8.4 Quality assessment and validation 8.4 Quality assessment and validation 8.4.2 Additional validation

8.4.1 Summary of main validation results

Without going into further details, the most important scientific validation results from Andrae et al. (2018) are:

•

For low-extinction stars in the range from 3000K to 10000K, we can estimate $T_{\rm eff}$ with an ‘error’ (strictly just a discrepancy) of about 324K with respect to literature estimates. However, this error depends on the intrinsic temperature distribution of the dataset under consideration; it can be smaller or much larger.

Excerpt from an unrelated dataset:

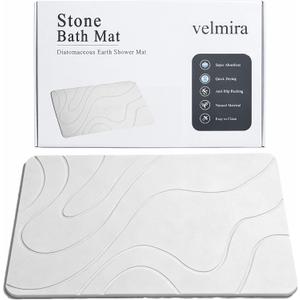 Stone Bath Mat, Quick Dry Shower Mat, Diatomaceous Earth Shower Mat, Non-Slip Hard Surface, Ultra Absorbent Bathroom Floor Mat for Tub, Entry, or Sink – 23.5" x 15.4", Gray White(Wave)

For instance, we achieve an RMS differences of only 73K for solar analogues from Tucci Maia et al. (2016) and 230K for Gaia benchmark stars from Heiter et al. (2015). For stars with extinction larger than the training sample (see Table 8.2), the $T_{\rm eff}$ estimates are systematically too cool. Similarly, our estimates are too high (hot) for stars of very low extinction, e.g. in the Galactic halo. This is also the case for stars with low metallicities. Our quoted percentiles appear to be reliable uncertainty estimates for $T_{\rm eff}$ .
•

The training sample for ExtraTrees has a non-uniform $T_{\rm eff}$ distribution. This leads to artificial stripes when plotting a Hertzsprung-Russell diagram (for example).
•

We estimate $A_{\rm G}$ and $E(G_{\rm BP}-G_{\rm RP})$ with errors of 0.46 mag and 0.23 mag, respectively. These error estimates apply after removing the outliers that originate from the degeneracy of extinction with the observables, as explained in Section 6.5 of Andrae et al. (2018).
•

Given the large extinction errors, we recommend that extinctions should not be used for individual stars, but only in an ensemble sense, e.g. to apply a dust correction of the colour-magnitude diagram or for making extinction maps which average over many stars (Andrae et al. 2018).
•

${\cal L}$ and ${\cal R}$ were estimated without considering extinction, as discussed in Section 8.3.3 and shown in Figure 8.7. This implies that ${\cal L}$ and ${\cal R}$ values will be underestimated for those stars where extinction is not negligible. In Andrae et al. (2018), however, we show that the radius estimates should still be valid to within the uncertainties given. One can also use Equation 8.7 and Equation 8.8 to estimate new ${\cal L}$ and ${\cal R}$ based on the user’s preference for $A_{\rm G}$ .
•

Only 48% of sources with temperature estimates have estimates of ${\cal L}$ and ${\cal R}$ , due to the post-processing filtering. One of these filters is to restrict luminosities to those with relative uncertainties of 0.3 or better. After applying these filters the median uncertainty in luminosity is 15% for ${\cal L}$ $\geq 1.0$ ${\cal L}_{\odot}$ . Similarly, we restrict publishing values of radii to those with relative temperature uncertainties less than 0.2. The resulting median uncertainties in radii are 7% for all radius values.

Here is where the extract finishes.